This is true in the context of the discussion, and in general for copying garbage collectors, but it's not always true. Copying is the most common way (and the current .NET way) to implement at least the Eden generation of generational collection, but it could be implemented in other ways.

2 comments

Just as a clarification, "Copying is the most common way (and the current .NET way)" is not the case - .NET GC is generational but it does not promote through generations by copying.
True. Go, for instance, does not use a generational garbage collector. I also believe that Java’s Zgc is not generational, yet.

But I find it most helpful to instead focus on the current context, otherwise I’d be spending all typing.

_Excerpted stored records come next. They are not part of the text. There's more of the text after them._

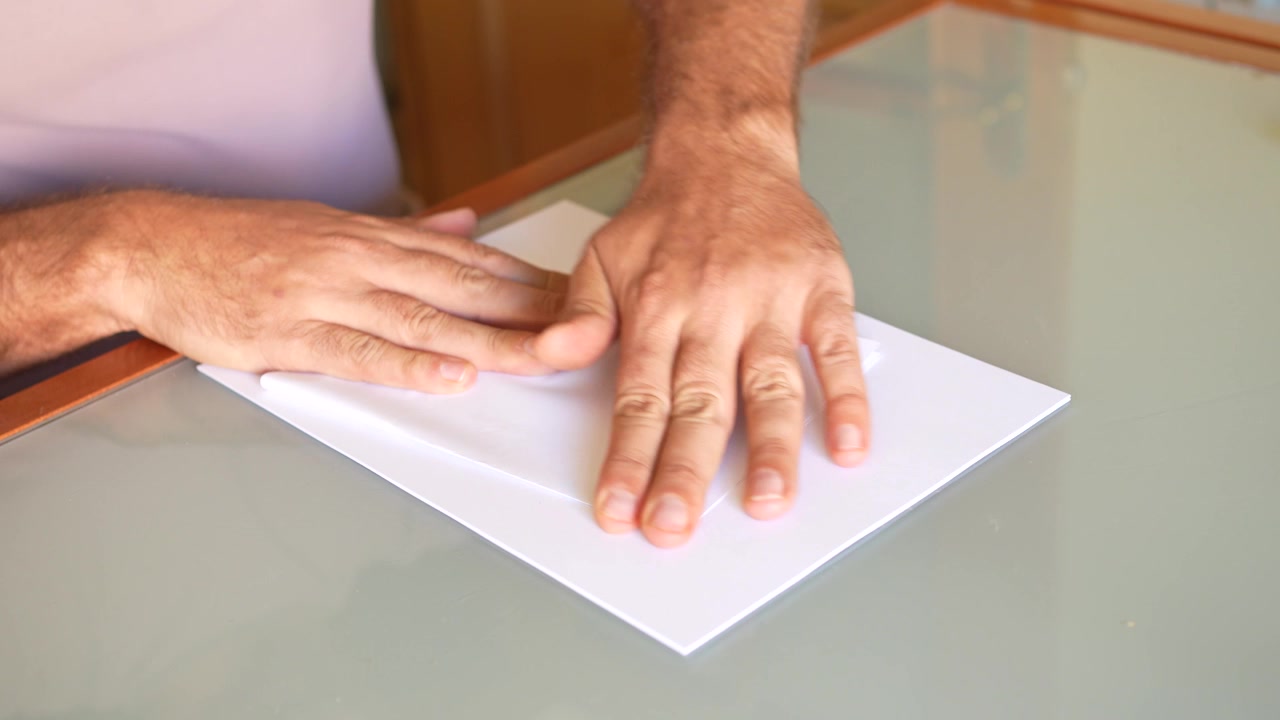 This article shows the detailed process of folding paper for various creative projects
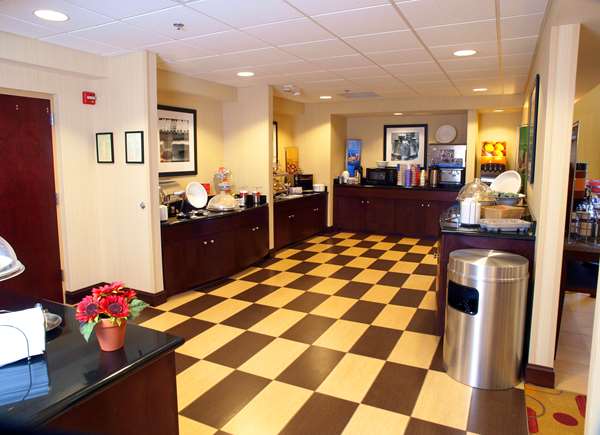 Restaurant - Hampton Inn & Suites North Knoxville - I-75, Exit 108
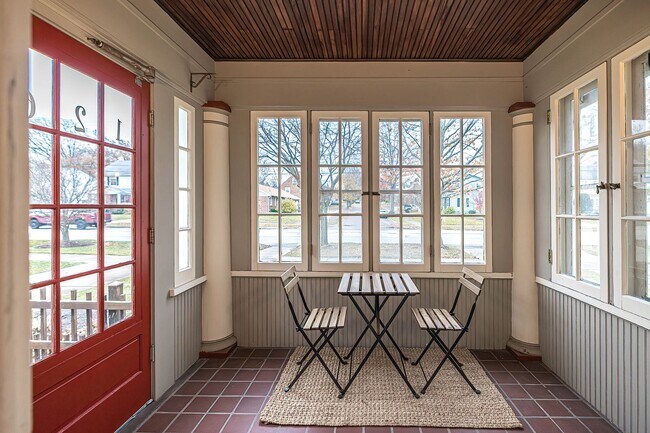 Foto del edificio - Quaint 4 bedroom Erie Home with Central Air & Garage Parking (Month to Month available)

I'm talking about generational non-copying collectors (possible, but certainly not common). Examples of non-generational collectors are non sequitur. You're talking the diagonally opposite corner of the square diagram. (What's the name of those 4-part square diagrams? I forget the name of the guy they're named after.)

For instance, you could have a mark-and-sweep collector that would mark everything and then first sweep just the most recently created arena, and only do a full sweep if not enough space was freed. It wouldn't be perfectly generational unless it was also compacting, but the youngest arena might be a decent heuristic. Or, for the cost of one pointer in every object header, the GC could keep a singly linked list of the youngest generation.

I don't think it's a great idea, but you can do a non-moving generational GC if you want to interact with C/C++ without forcing pinning/un-pinning of objects (or forcing C/C++ to only interact with GC'd objects via pinned handles).